Re: [DISCUSS] Change default json read behavior for numbers

Posted by Jacques Nadeau <ja...@apache.org>.

Writing zero int to a float column should be allowed.  Basically, if we
found a float previously and then we run across a zero, that should be
accepted.  This doesn't fix the situation where the first value was zero
but definitely fixes many situations.  I'm up for a second option to treat
all numbers as doubles but I'm not in support of it for the default as once
we finish embedded types, this would be our desired behavior.

On Mon, Jan 26, 2015 at 1:36 PM, Jason Altekruse <al...@gmail.com>
wrote:

> Hello Drillers,
>
> I am currently working on improving the error reporting in the JSON reader
> to help users with files that Drill cannot read using the default
> configuration today.
>
> As a part of this change I think it may be useful to change the default
> behavior for reading numbers in JSON documents. Currently we fail on a
> simple case with reading numbers with decimal points and then hit a value
> of 0 (or any number without a decimal point) in a later record. The reason
> for the current behavior is to allow better precision in the case of files
> with only integers.
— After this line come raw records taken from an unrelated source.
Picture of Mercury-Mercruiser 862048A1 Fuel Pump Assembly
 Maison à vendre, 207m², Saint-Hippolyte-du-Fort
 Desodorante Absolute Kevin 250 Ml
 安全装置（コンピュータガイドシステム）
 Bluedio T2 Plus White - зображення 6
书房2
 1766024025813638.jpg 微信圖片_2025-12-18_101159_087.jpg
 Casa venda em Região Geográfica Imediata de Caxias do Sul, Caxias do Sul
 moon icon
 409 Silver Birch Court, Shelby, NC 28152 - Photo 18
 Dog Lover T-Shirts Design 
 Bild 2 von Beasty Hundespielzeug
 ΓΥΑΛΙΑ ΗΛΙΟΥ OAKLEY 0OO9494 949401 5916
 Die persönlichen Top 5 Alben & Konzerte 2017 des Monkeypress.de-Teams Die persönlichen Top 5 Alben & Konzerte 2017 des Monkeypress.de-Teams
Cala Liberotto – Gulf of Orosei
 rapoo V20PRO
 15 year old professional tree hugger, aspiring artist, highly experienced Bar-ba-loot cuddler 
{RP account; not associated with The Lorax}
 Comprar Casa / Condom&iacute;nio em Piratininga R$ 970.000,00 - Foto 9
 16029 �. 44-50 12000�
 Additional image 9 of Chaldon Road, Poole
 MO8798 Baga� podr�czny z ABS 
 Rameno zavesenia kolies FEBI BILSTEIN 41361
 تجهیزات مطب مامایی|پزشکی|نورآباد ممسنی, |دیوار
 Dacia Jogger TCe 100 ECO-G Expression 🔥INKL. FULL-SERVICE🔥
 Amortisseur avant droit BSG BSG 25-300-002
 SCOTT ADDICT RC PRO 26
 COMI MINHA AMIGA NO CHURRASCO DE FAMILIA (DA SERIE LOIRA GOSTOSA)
The issue however is that we currently fail on the
> basic case with a mix of intergers and decimal numbers. See [1] for more
> discussion on this.
>
> I propose that we switch the JSON reader to read all numbers as doubles by
> default. The reader already contains a workaround that allows lossless
> casting to integers and decimal types with some extra computational
> overhead using all_text_mode, see more info below. [2]
>
> Please share your thoughts on this change.
>
> [1] https://issues.apache.org/jira/browse/DRILL-1460
> [2] https://issues.apache.org/jira/browse/DRILL-2071
>
> -Jason
>